Justus for every age
A SNOWMAN IN THE DESERT Peacock Theatre Until July 30
ARGUABLY as a culture we don’t create enough space for older artists. Justus Neuman, the veteran Bruny Island (via Vienna) theatre maker, has challenged this cultural norm with a series of one-person shows.
These shows have directly addressed ageing, using the art form to draw out existential and ethical questions.
Neuman’s clowning tramp is a master of just holding the stage — the kind of performer who makes fascinating the pouring of a glass of water.
His exceptional craft constantly probes the performer’s contract with the audience.

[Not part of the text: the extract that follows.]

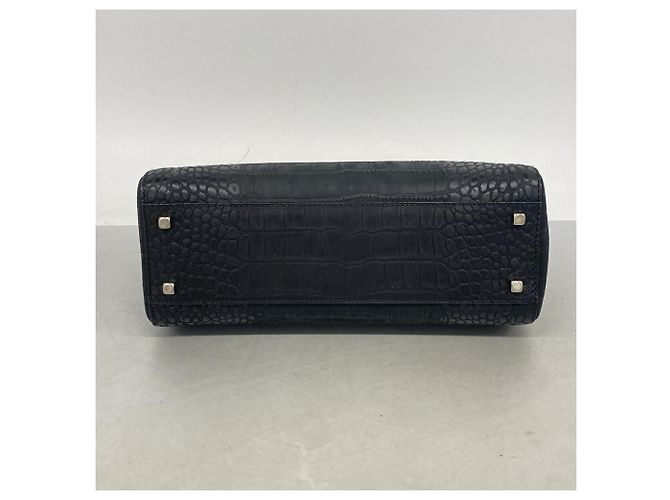 Borsa in pelle Gancini Salvatore Ferragamo Nero - vista 3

What do we want of this sometimes sad, sometimes wise and mostly good-humoured figure?
His current show presents as an autobiographical work, what co-creator John Bolton calls a “photo album-like show”.
And we loosely follow a narrative through early childhood and into adulthood via a series of theatrical vignettes.
The brilliant sequence of his mother’s hand — a prosthetic prop — is full of childhood perspective and play. But the show pushes a little further. Interspersed across the evening are a series of songs and monologues — the text drawn, I suspect, from playwright and linguist Herbert Maurer.
This provides some of the show’s most powerful moments — the blood and iron evocation of war, genuinely chilling.
But those elements may have stretched the show a little too far.
There is a sense that this show may still be finding a final form.
But Neuman’s stage presence, with a sensitive live score from guitarist Julius Schwing, awaits audiences yet to experience this most gifted of performers.